I saw the film version of this novel first, in 2018—Frank Langella does a wonderful portrayal of one of the main characters, Leonard Schiller. In mildly innocent fashion, I noted the film was based on a novel (I read the credits). The book had laudatory reviews and I read it. This is my second reading.
“Starting Out in the Evening” is very much about writing and mortality—two “sexy” subjects. It concerns an ageing and obscure novelist, Leonard Schiller, his thirty-nine-year old daughter, Ariel, and Heather Wolfe, a young woman working on her master’s thesis. The thesis is on Schiller’s work. Schiller is initially reluctant to help Heather, and she pursues and persuades him, thereby incurring the enmity of Ariel.
The names are interesting. Names in stories can be random, and they can have meaning—in this case I think they have playful meaning. Schiller was the great German dramatist and philosopher who wrote about the synthesis of aesthetics and reason. Heather Wolf(e) can be seen as predatory (more on that later—I think she is more nuanced), and Ariel is the spirit who assists Prospero in Shakespeare’s “The Tempest,” and is eventually liberated by him.

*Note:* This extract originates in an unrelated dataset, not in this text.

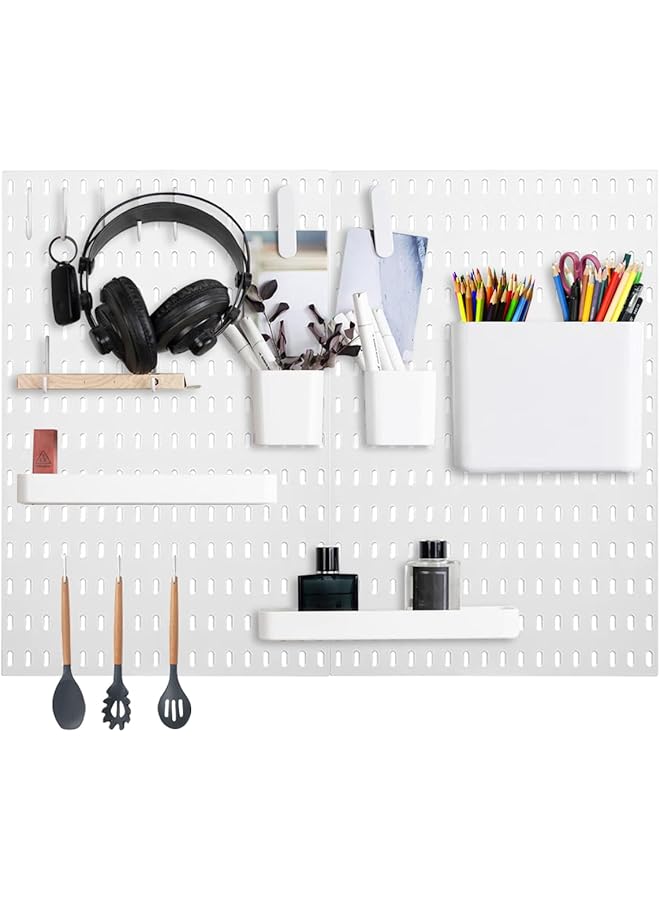 promass Pegboard Organizer with Hooks, Wall Mount Pegboard Combination Display Organizer Panel Kit with 19Pcs Accessory Metal Wall Organizer Stand for Bedroom Home Office Kitchen Bathroom 36x36cm - Image 1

The novel has an interesting structure—Schiller, Heather, and Ariel are each given their own consciousness and chapters. So, the first chapter is Heather, as are the next two. The fourth chapter appears to veer into Schiller (“Schiller made his way gingerly on the icy sidewalk.”), but then it’s all Heather after that. Each of the three appears in the others’ chapters, however, there is an assured, omniscient narrator who presents everything in close third person and is hidden—that is, there is no mention of a narrator entity telling the story.
Thus, the story begins, “Heather was wearing the wrong dress.” This is a statement about Heather’s opinion of her attire vs. the narrator’s opinion of Heather’s attire. It is, I believe, a fine example of “free indirect style,” developed by no less a writer than Flaubert. It is a statement so close to Heather’s consciousness that it’s a challenge to tell whether it’s her or the narrator. (It’s both). A contrast would be “I am wearing the wrong dress,” Heather thought. Or, if the narrator was describing a character from its own point-of-view, you might have, “A young woman named Heather waited in a coffeeshop, wearing a miniskirt that was inappropriate to the setting.”

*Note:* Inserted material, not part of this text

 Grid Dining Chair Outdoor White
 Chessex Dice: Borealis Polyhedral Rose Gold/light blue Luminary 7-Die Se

And this narrative structure—free indirect style—is a constant. The story focuses on the character’s inner life, what they think and feel about the situations and conversations they inhabit. So there are scenes and conversations but they are balanced with long passages of free indirect style. I wouldn’t call these “stream-of-consciousness,” because the passages are focused; they serve the story. What I mean is, I (the actual “I,” Al Bray) could write, “I am sitting here writing a post and the birds are very loud. I look up, and my neck cricks.” The characters in “Starting Out in the Evening” wouldn’t be shown thinking something like that unless bird song and internal sensation somehow bore on the primary action—writing and related to the story.
In his book “The Perpetual Orgy,” Mario Vargas Llosa writes, “Flaubert’s great technical contribution lies in his bringing the omniscient narrator so close to the character that the boundary lines between the two vanish, in his creating of an ambivalence in which the reader does not know whether what the narrator says comes from the invisible teller or from the character who is soliloquizing mentally.”

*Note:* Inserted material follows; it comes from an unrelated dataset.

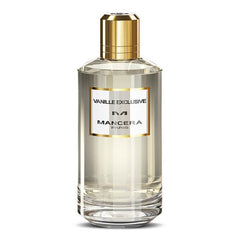 Mancera Paris Vanille Exclusive perfume bottle a clear cylindrical glass bottle with a prominent gold metallic cap a white label detailing the fragrance name and brand accented by gold borders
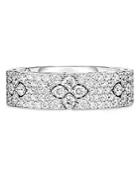 Roberto Coin 18k White Gold Love In Verona Diamond Flower Ring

Vargas Llosa goes on to say that this structure serves to erase the presence of the omniscient narrator and/or turn it into one of the characters. I’m not so sure this is what Brian Morton does here, “Starting Out in the Evening” being a more modern iteration of the novel.
What effect does this have? It brings the reader very close to the character, and establishes empathy and caring.